*** Opening of Given records ***

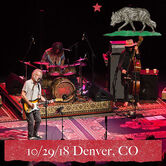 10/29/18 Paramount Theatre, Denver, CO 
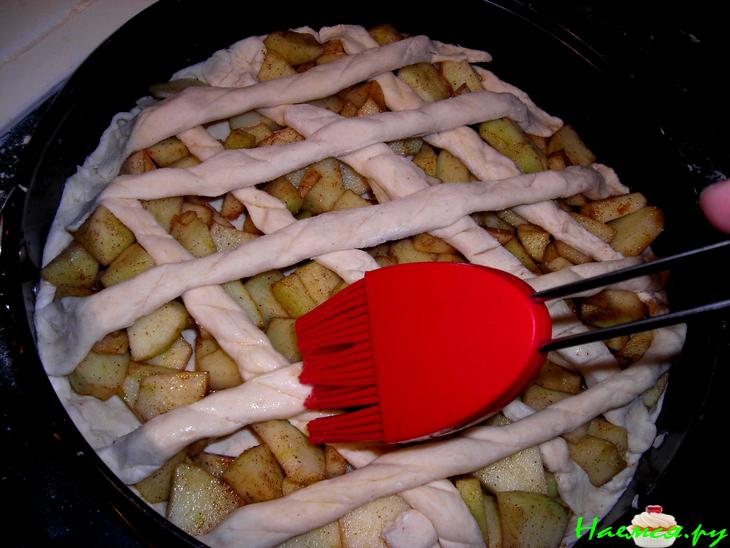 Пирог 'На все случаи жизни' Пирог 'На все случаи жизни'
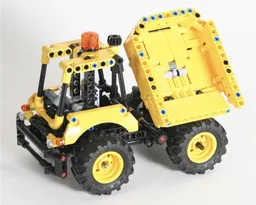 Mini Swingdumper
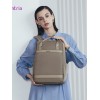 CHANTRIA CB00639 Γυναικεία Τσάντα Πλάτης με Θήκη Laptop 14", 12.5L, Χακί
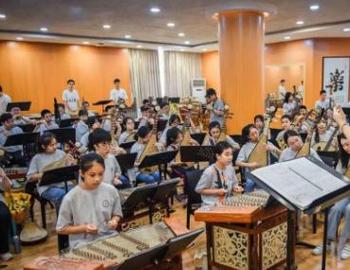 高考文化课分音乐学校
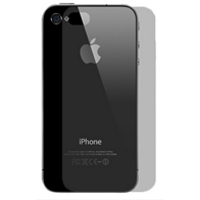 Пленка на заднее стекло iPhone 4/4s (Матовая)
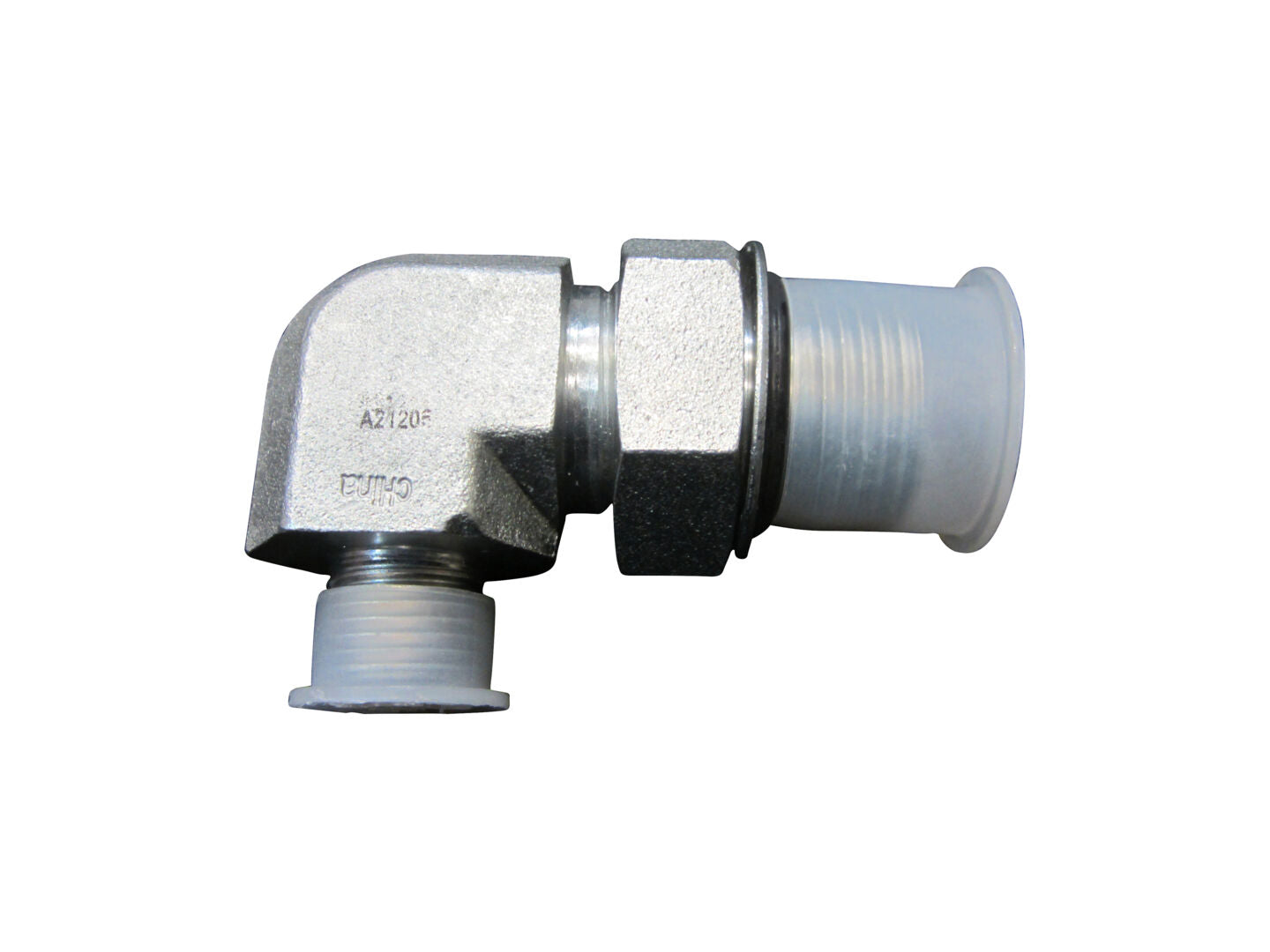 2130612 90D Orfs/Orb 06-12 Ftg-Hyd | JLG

*** Close of Given records ***

**Problem requirements:** From the first line to the last, reproduce the records above exactly and skip the pictures.

**Response area:**
 10/29/18 Paramount Theatre, Denver, CO 
 Пирог 'На все случаи жизни' Пирог 'На все случаи жизни'
 Mini Swingdumper
 CHANTRIA CB00639 Γυναικεία Τσάντα Πλάτης με Θήκη Laptop 14", 12.5L, Χακί
 高考文化课分音乐学校
 Пленка на заднее стекло iPhone 4/4s (Матовая)
 2130612 90D Orfs/Orb 06-12 Ftg-Hyd | JLG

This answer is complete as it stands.